Des pirates informatiques ont réussi à entrer dans le serveur du respecté centre de recherches sur le climat (CRU) de l'université britannique d'East Anglia et mis en ligne des centaines de documents et courriels privés, alimentant le débat sur le degré d'influence humaine dans le réchauffement de la planète.

L'université de l'est de l'Angleterre a déclaré dans un communiqué samedi que la police avait ouvert une enquête mais qu'elle ne pouvait pas se prononcer sur l'authenticité ou non des fichiers publiés sur Internet, selon elle sélectionnés dans un but malveillant.Parmi le millier de courriels et les 3000 autres documents se trouvent plus de dix ans de correspondance entre des scientifiques britanniques et américains de renom.

Certains sceptiques interprètent ces informations comme la preuve de ce que les scientifiques auraient exagéré, voire falsifié, les données concernant le réchauffement de la planète.

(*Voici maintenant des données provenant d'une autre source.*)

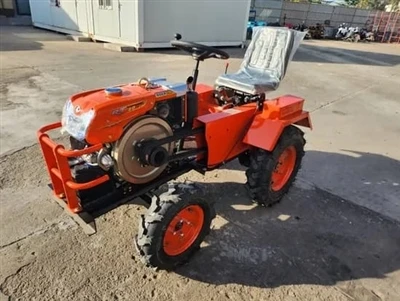 4x4 Mini Agrartraktor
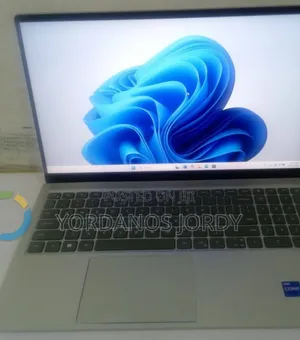 New Laptop Dell Inspiron 15 16GB Intel Core i7 SSD 512GB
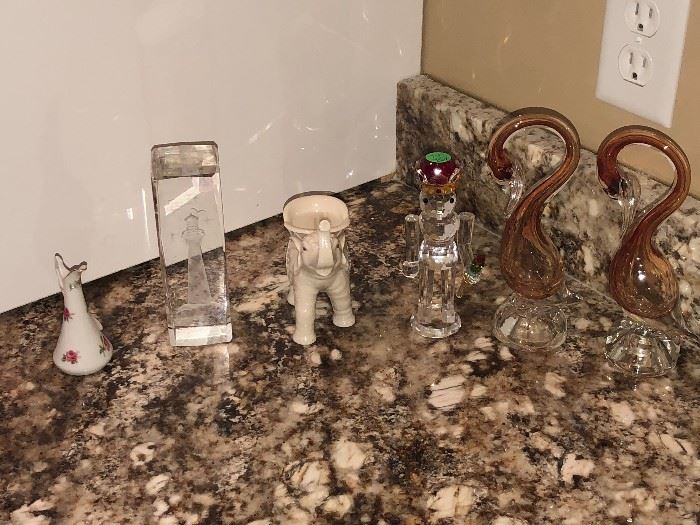 Misc glass and porcelain collectible items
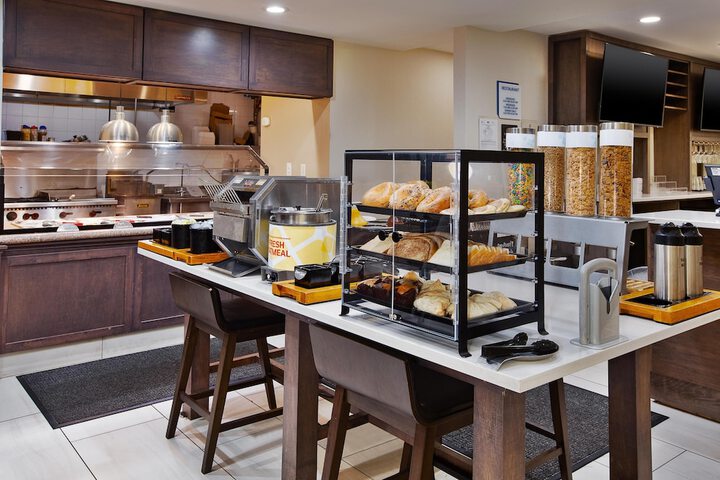 Hilton Garden Inn Chesapeake / Greenbrier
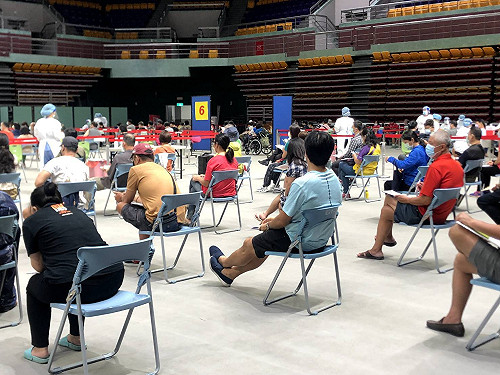 公費疫苗預約開打 屏縣上午施打率破5成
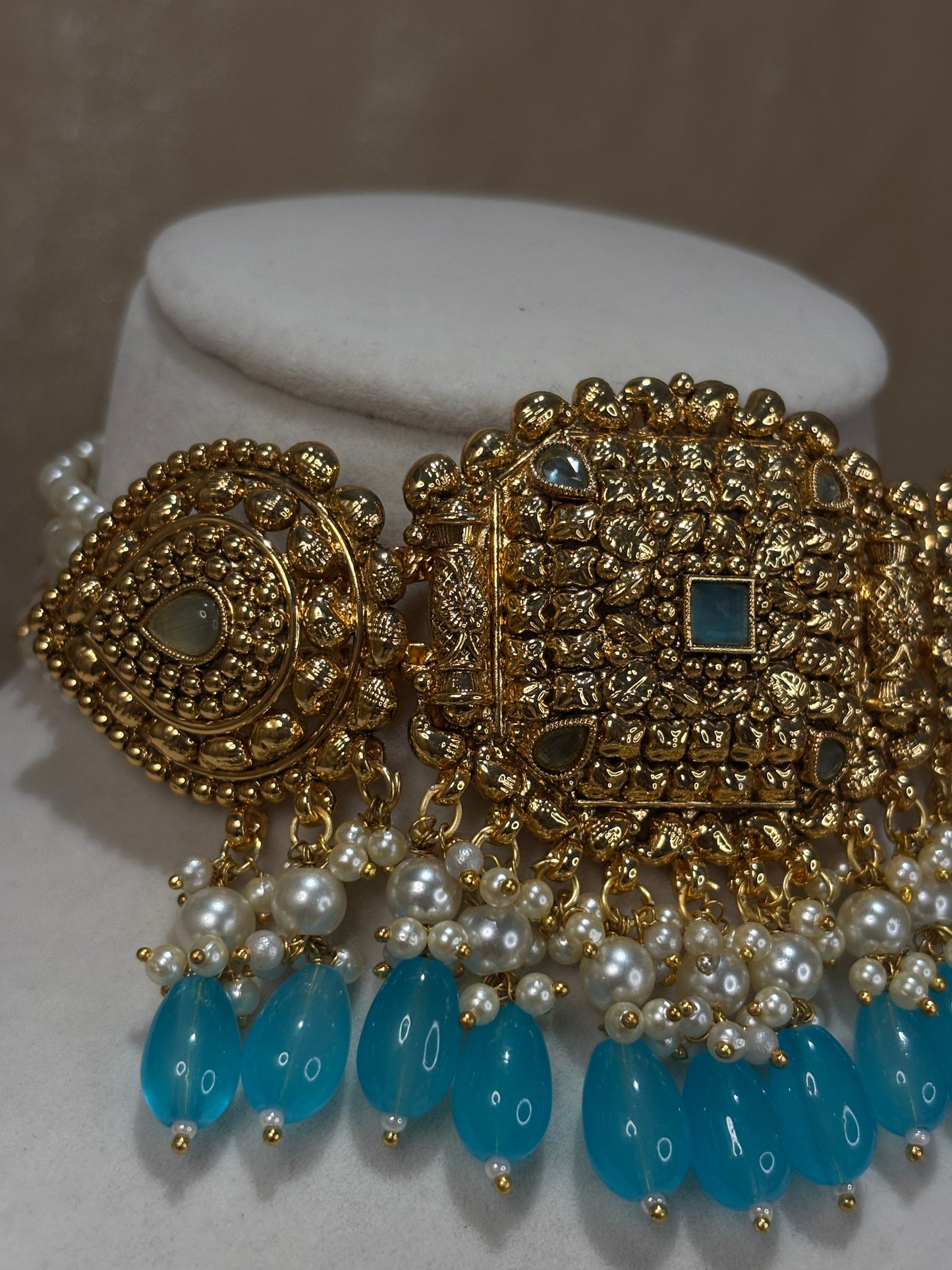 Blue antique gold choker set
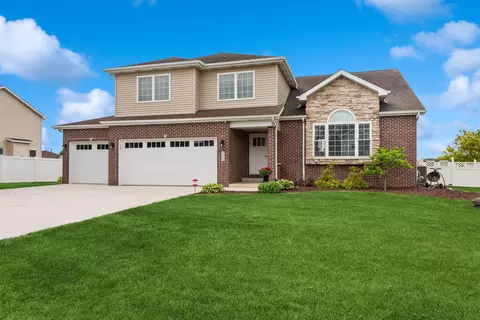 512 Scenic View Ave, Valparaiso, IN 46385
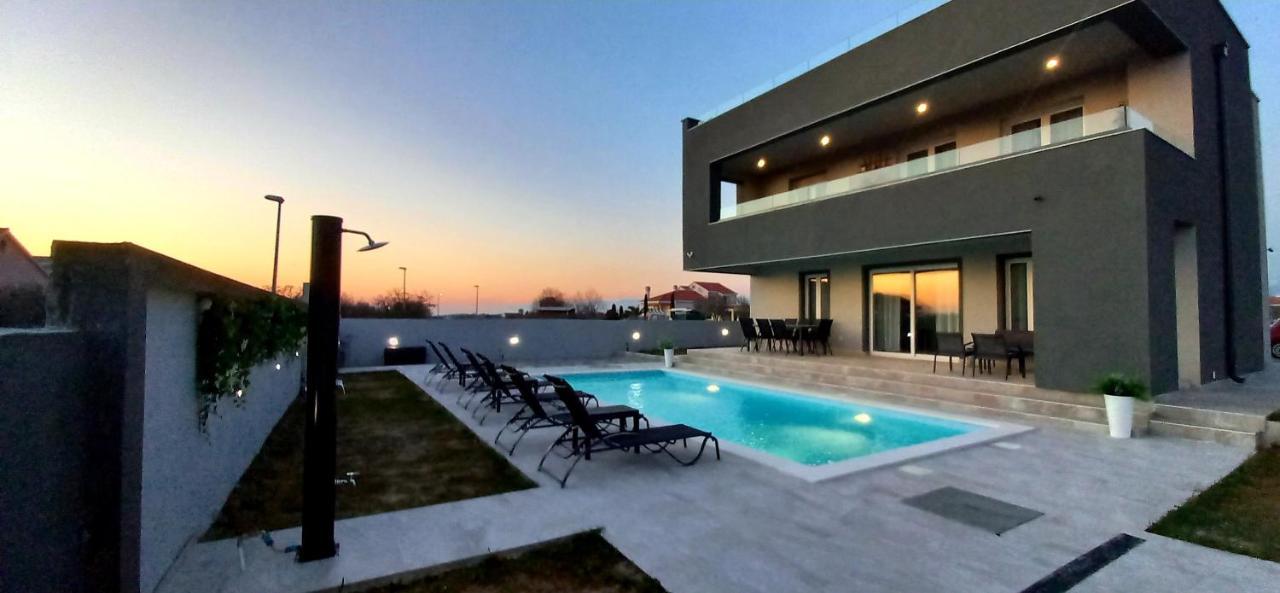 Villa Tia With Heated Pool & Jacuzzi Murvica  Extérieur photo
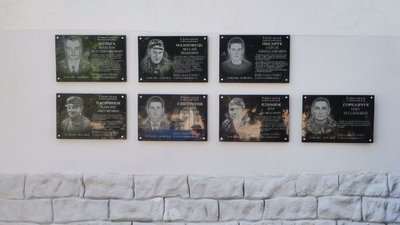 В коледжі у Луцьку відкрили сім меморіальних дошок випускникам, які загинули в АТО/ООС В коледжі у Луцьку відкрили сім меморіальних дошок випускникам, які загинули в АТО/ООС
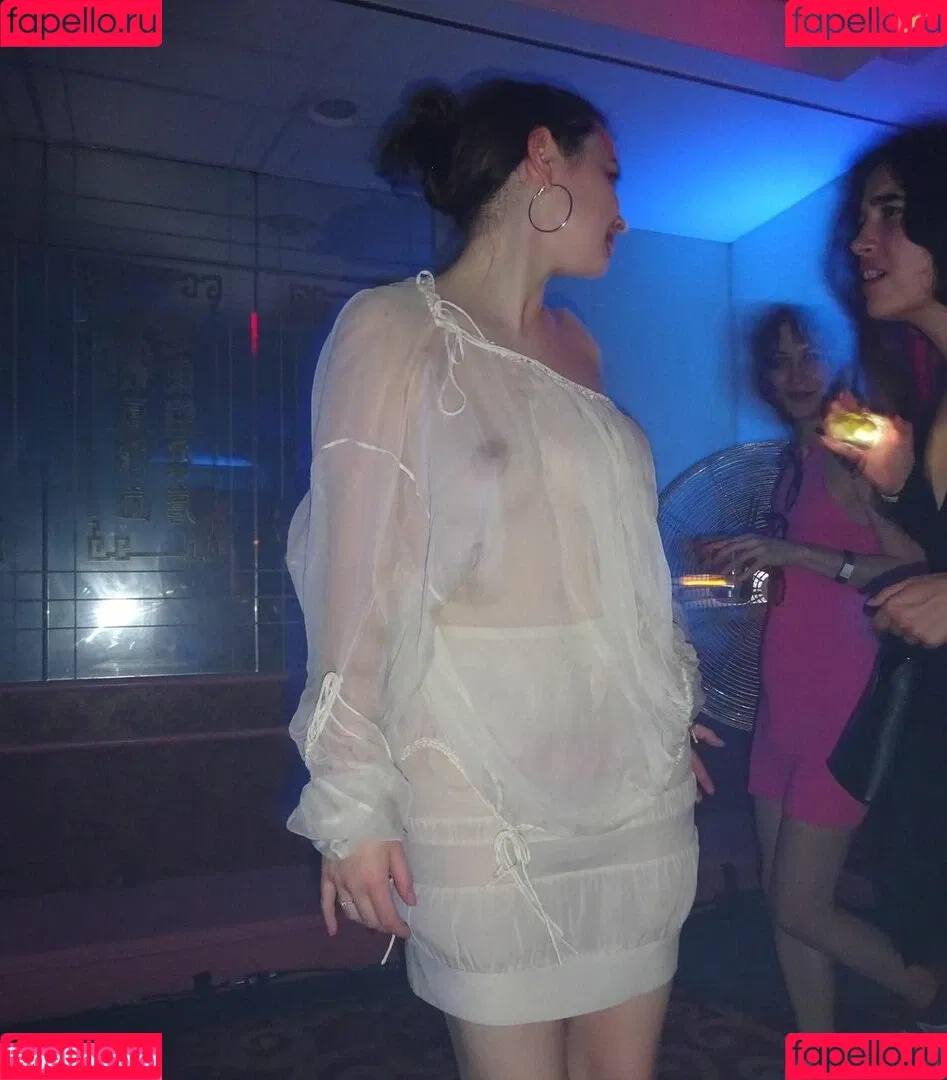 Eileen Kelly / eileen / kellyxlauren / killerandasweetthang Onlyfans Photo Gallery 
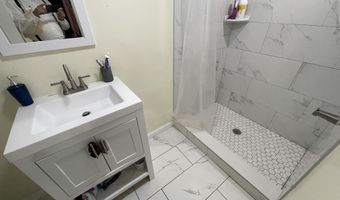 125 Garden Dr, Bridgeport, CT 06606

Leur colère est d'autant plus grande à l'approche de la conférence internationale de l'ONU sur le changement climatique à Copenhague.

À compter du 7 décembre, les 192 pays de l'ONU tenteront d'élaborer un traité pour succéder au protocole de Kyoto contre les émissions de gaz à effet de serre (GES) à son expiration en 2012. De nombreux responsables, dont le secrétaire général de l'ONU Ban Ki-moon, se montrent pessimistes sur les chances d'un accord à Copenhague.

Dans l'un des courriels rendus publics par le(s) hacker(s), le directeur du CRU, Phil Jones, écrit à des collègues au sujet de graphiques exploitant des statistiques climatiques pour le dernier millénaire. Il dit avoir employé «une manip'» (manipulation) empruntée à un météorologue de l'université d'Etat de Pennsylvanie, Michael Mann, pour «dissimuler le déclin» récent des températures dans le monde. Le Pr Mann n'a pas répondu aux sollicitations de l'Associated Press.

Certaines données suggèrent actuellement un palier dans le réchauffement de la planète, alors que d'autres suggèrent qu'il se poursuit. Une analyse des températures dans le monde menée par des statisticiens indépendants à la demande de l'Associated Press a mis en lumière en octobre la poursuite de l'augmentation et non un refroidissement de la planète, comme l'affirmaient des sceptiques du réchauffement climatique.

Mais l'utilisation du mot «manip'» par le directeur du CRU a immédiatement été interprétée par les sceptiques comme l'aveu d'une tricherie et d'une collusion entre scientifiques pour étayer leur théorie sur l'influence de l'activité humaine sur l'augmentation des températures.

«Je ne sais même pas quoi dire», écrit Stephen McIntyre sur son site Web climateaudit.org, où il expose ses doutes sur la version officielle du changement climatique.

Phil Jones nie de son côté toute falsification des données, assurant que ses commentaires ont été sortis de leur contexte. «Le mot de «manip» est utilisé ici de façon familière, pour dire que c'est astucieux. C'est ridicule de suggérer que cela fait référence à quoi que ce soit de fâcheux», affirme-t-il dans un communiqué.

L'université d'East Anglia estime pour sa part que les informations volées et publiées sur Internet ont été sciemment choisis pour saper «le consensus fort sur l'impact potentiellement dangereux de l'activité humaine sur le climat mondial».

«La publication sélective de quelques courriels volés et autres messages sortis de leur contexte est malveillante et ne peut pas être considérée comme une vraie tentative de s'attaquer à la question de façon responsable», déclare l'université.